HOW TO COMPLETE THIS TASK:
Print only the lines below from the one with "Vidya Balan at" to the one with "Композитная черепица GERARD Heritage-3 Композитная", both included, exactly as they stand. Leave pictures out.

*** Opening of LISTED ENTRIES ***

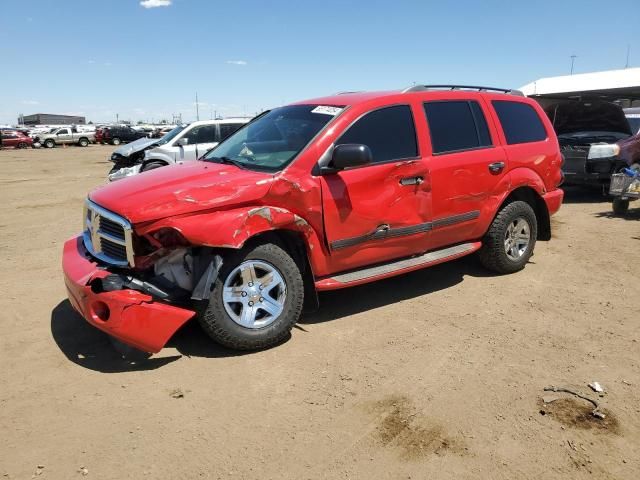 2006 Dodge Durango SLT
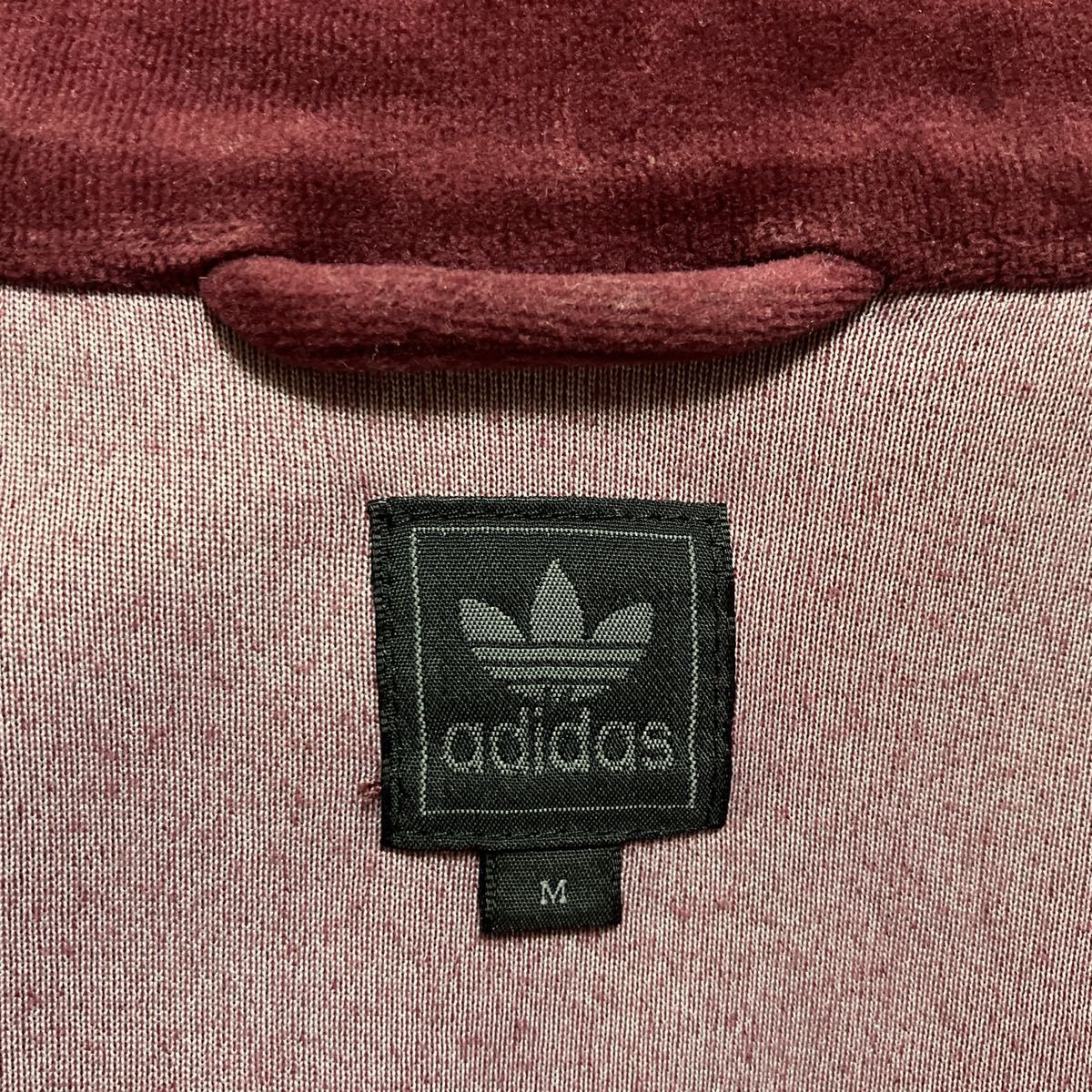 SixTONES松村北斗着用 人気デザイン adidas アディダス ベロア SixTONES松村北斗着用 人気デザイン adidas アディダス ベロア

*** Close of LISTED ENTRIES ***
*** Opening of LISTED ENTRIES ***

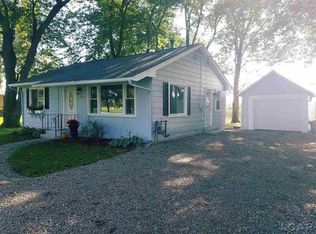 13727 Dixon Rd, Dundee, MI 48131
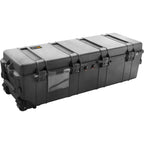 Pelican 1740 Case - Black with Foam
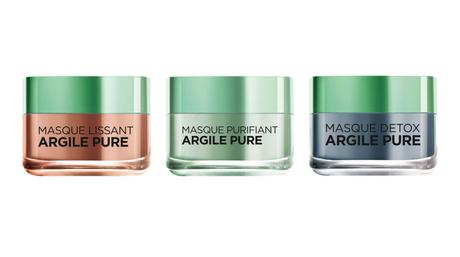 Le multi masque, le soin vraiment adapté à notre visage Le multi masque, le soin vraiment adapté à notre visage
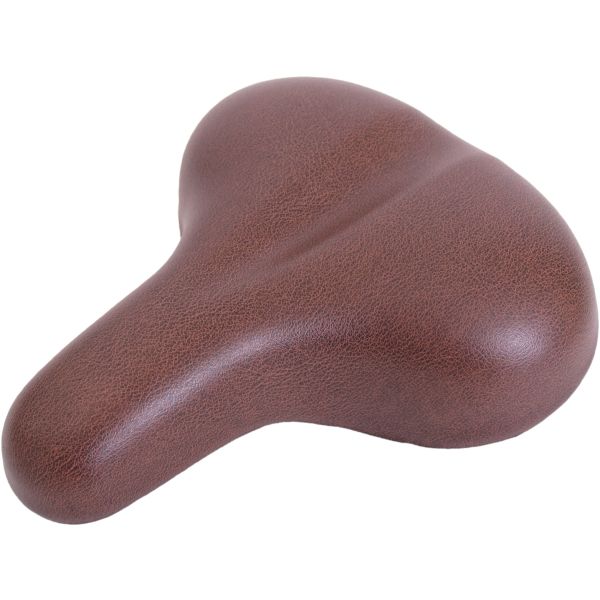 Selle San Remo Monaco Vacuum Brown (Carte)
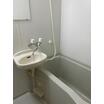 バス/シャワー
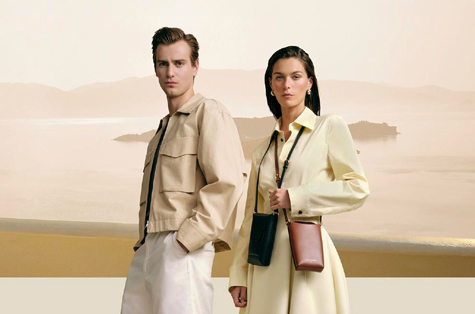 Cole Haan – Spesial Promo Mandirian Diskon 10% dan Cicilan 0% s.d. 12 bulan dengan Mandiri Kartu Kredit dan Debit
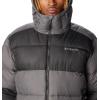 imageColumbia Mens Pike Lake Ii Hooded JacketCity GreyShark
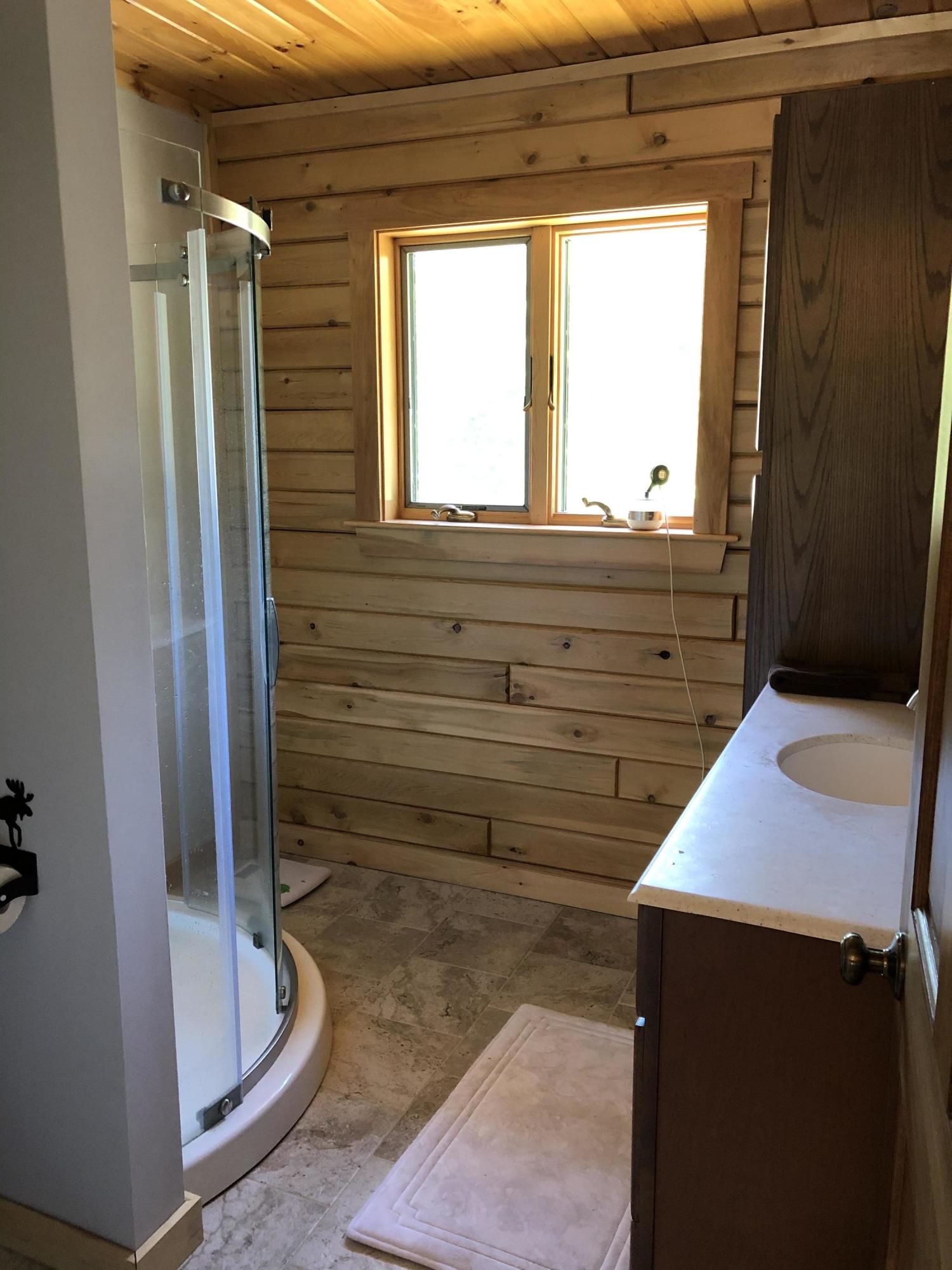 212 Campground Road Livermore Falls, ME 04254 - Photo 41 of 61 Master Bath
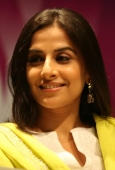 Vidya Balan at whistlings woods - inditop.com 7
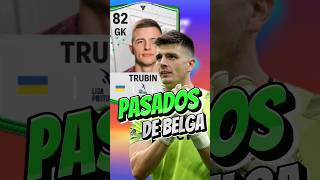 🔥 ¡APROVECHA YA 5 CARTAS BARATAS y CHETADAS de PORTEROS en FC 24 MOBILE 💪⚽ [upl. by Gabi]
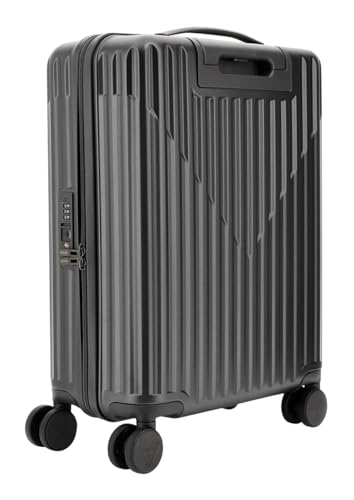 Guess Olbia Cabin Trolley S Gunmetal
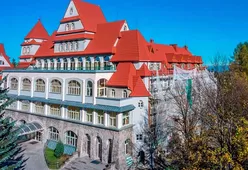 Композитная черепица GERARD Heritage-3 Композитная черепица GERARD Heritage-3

*** Close of LISTED ENTRIES ***

EXPECTED ANSWER:
 Vidya Balan at whistlings woods - inditop.com 7
 🔥 ¡APROVECHA YA 5 CARTAS BARATAS y CHETADAS de PORTEROS en FC 24 MOBILE 💪⚽ [upl. by Gabi]
 Guess Olbia Cabin Trolley S Gunmetal
 Композитная черепица GERARD Heritage-3 Композитная черепица GERARD Heritage-3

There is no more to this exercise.